- **Work request**
Leave out the images and transcribe the entries below word for word.

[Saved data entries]
---*---

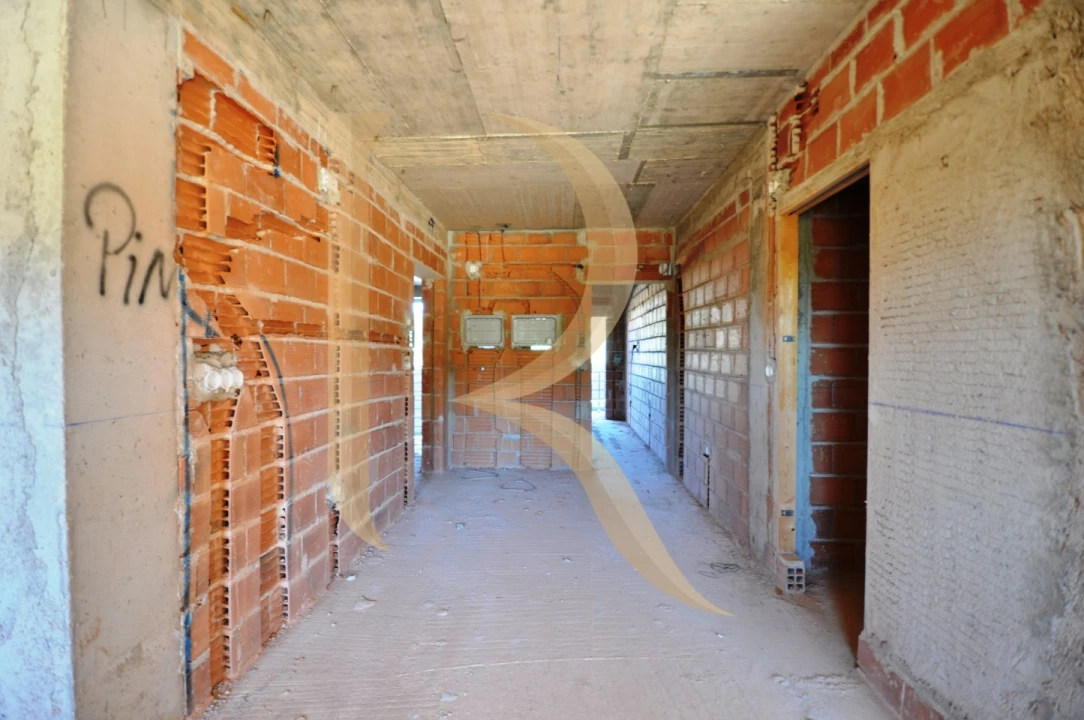 Apartamento T1 para Venda em Corroios Foto 5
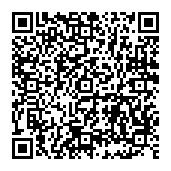 臺中市北區中清路一段643號五樓之5-QR CODE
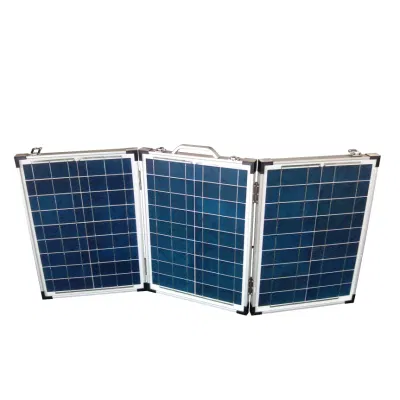 1kW 5 kW Off Grid Hybrid Home PV Wechselrichter-Batterie Bank Produkt Energie Solarpanel Solarkraftanlage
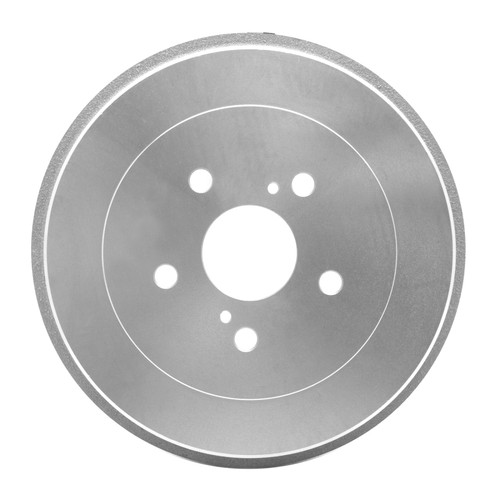 R1 98-25 Toyota RAV4 Rear Brake Drum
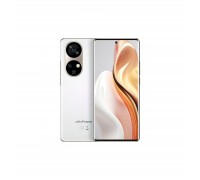 Мобільний телефон Ulefone Note 17 Pro 12/256Gb Pearl White (6937748736035)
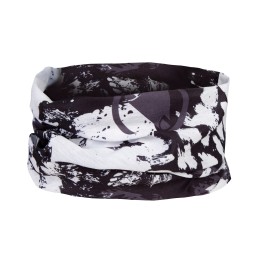 Bandana ENDURA SingleTrack...
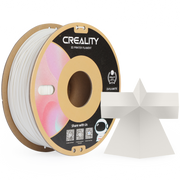 Creality CR=PLA Matte White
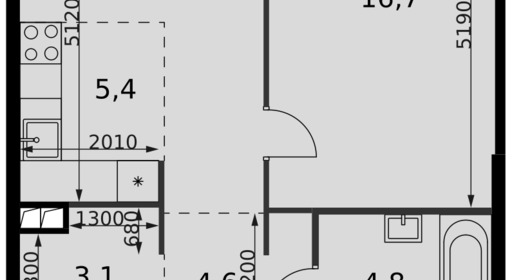 1768291856127-0cf54b52d3b94becf74001da8bddad09.sizes.svg@png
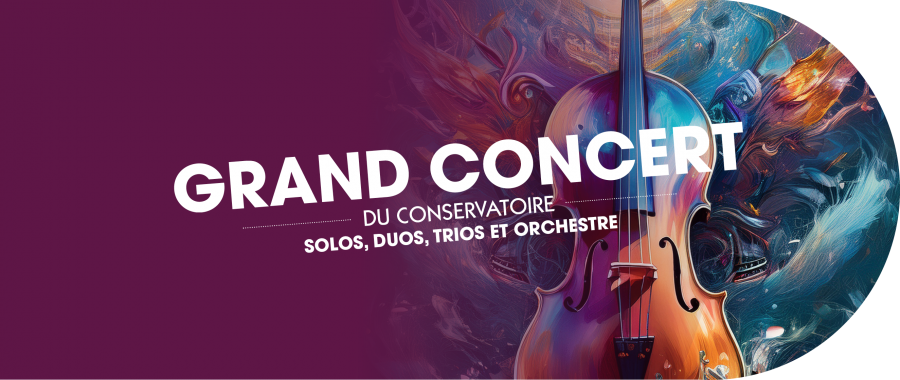 SIA-Concert-CCPM-14-juin-2025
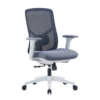 Tim operator chair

---*---

- **Your response**
 Apartamento T1 para Venda em Corroios Foto 5
 臺中市北區中清路一段643號五樓之5-QR CODE
 1kW 5 kW Off Grid Hybrid Home PV Wechselrichter-Batterie Bank Produkt Energie Solarpanel Solarkraftanlage
 R1 98-25 Toyota RAV4 Rear Brake Drum
 Мобільний телефон Ulefone Note 17 Pro 12/256Gb Pearl White (6937748736035)
 Bandana ENDURA SingleTrack...
 Creality CR=PLA Matte White
 1768291856127-0cf54b52d3b94becf74001da8bddad09.sizes.svg@png
 SIA-Concert-CCPM-14-juin-2025
 Tim operator chair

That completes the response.